Das grenzüberschreitende Literaturfestival Erzählzeit ohne Grenzen findet zwischen Samstag, 6. April, und Sonntag, 14. April, statt. 34 Autoren werden in diesem Jahr in 43 Städten bei ingesamt 59 Veranstaltungen aus ihren Büchern vorlesen.

  • Welche Autoren kommen? Die Werke von Charles Lewinsky, Alexa Henning von Lange, Heinz Helle und vielen mehr spannen einen weiten Bogen über das aktuelle deutschsprachige Literaturschaffen, versprechen die Veranstalter. Unter den Autoren gibt es große Namen, überraschende Debütantinnen und bekannte Wiederholungstäter aus Deutschland, der Schweiz und Österreich. Mit Irena Brežná, María Cecilia Barbetta und Gianna Molinari sind mehrere Literaturpreisträgerinnen neben renommierten Autoren wie Adolf Muschg, Lukas Hartmann und Felix Huby präsent. Aber auch Debüts finden im diesjährigen Programm ihren Platz: So stellen Kenah Cusanit, Jürg Halter, Donat Blum oder Lukas Linder ihre Erstlingsromane vor. Mit Dominic Oppliger ist ein Autor vertreten, der seine Texte in Schweizerdeutsch veröffentlicht.
  • Wie sieht der Zeitplan aus? Die Eröffnung des Literaturfestivals findet am Samstag, 6. April, um 19.30 Uhr mit der Schweizer Autorin Federica de Cesco im Stadttheater Schaffhausen statt.
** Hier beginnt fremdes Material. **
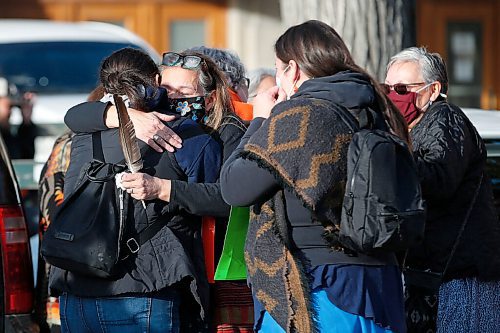 JOHN WOODS / WINNIPEG FREE PRESS
Family and friends comfort each other prior to a search for Katelyn Fontaine along Main St in Winnipeg Thursday, September 17, 2020. Fontaine was last in contact with family on September 3.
Bis auf das abschließende Sonntagsfrühstück am Sonntag, 14. April, um 10.30 Uhr in der Stadthalle Singen mit dem aktuellen Schweizer Buchpreisträger Peter Stamm, ist der Eintritt zu allen Veranstaltungen der Erzählzeit ohne Grenzen frei.
  • Welche Gemeinden sind dabei? In diesem Jahr nehmen folgende Gemeinden an dem deutsch-schweizerischen Literaturfestival teil: Aach, Beggingen, Beringen, Blumberg, Büsingen, Dachsen, Diessenhofen, Dörflingen, Engen, Flurlingen, Feuerthalen, Gailingen, Gottmadingen, Hallau, Hilzingen, Jestetten, Klettgau, Laufen-Uhwiesen, Löhningen, Lottstetten, Mühlhausen-Ehingen, Mühlingen, Neuhausen am Rheinfall, Neunkirch, Oberhallau, Öhningen, Rafz, Ramsen, Rheinau, Rielasingen-Worblingen, Rüdlingen, Schaffhausen, Schleitheim, Siblingen, Singen, Stein am Rhein, Steißlingen, Stühlingen, Tengen, Thayngen, Trüllikon, Volkertshausen und Wilchingen. Für die drei Gemeinden Blumberg, Flurlingen und Öhningen ist die zehnte Erzählzeit ohne Grenzen eine Premierenveranstaltung.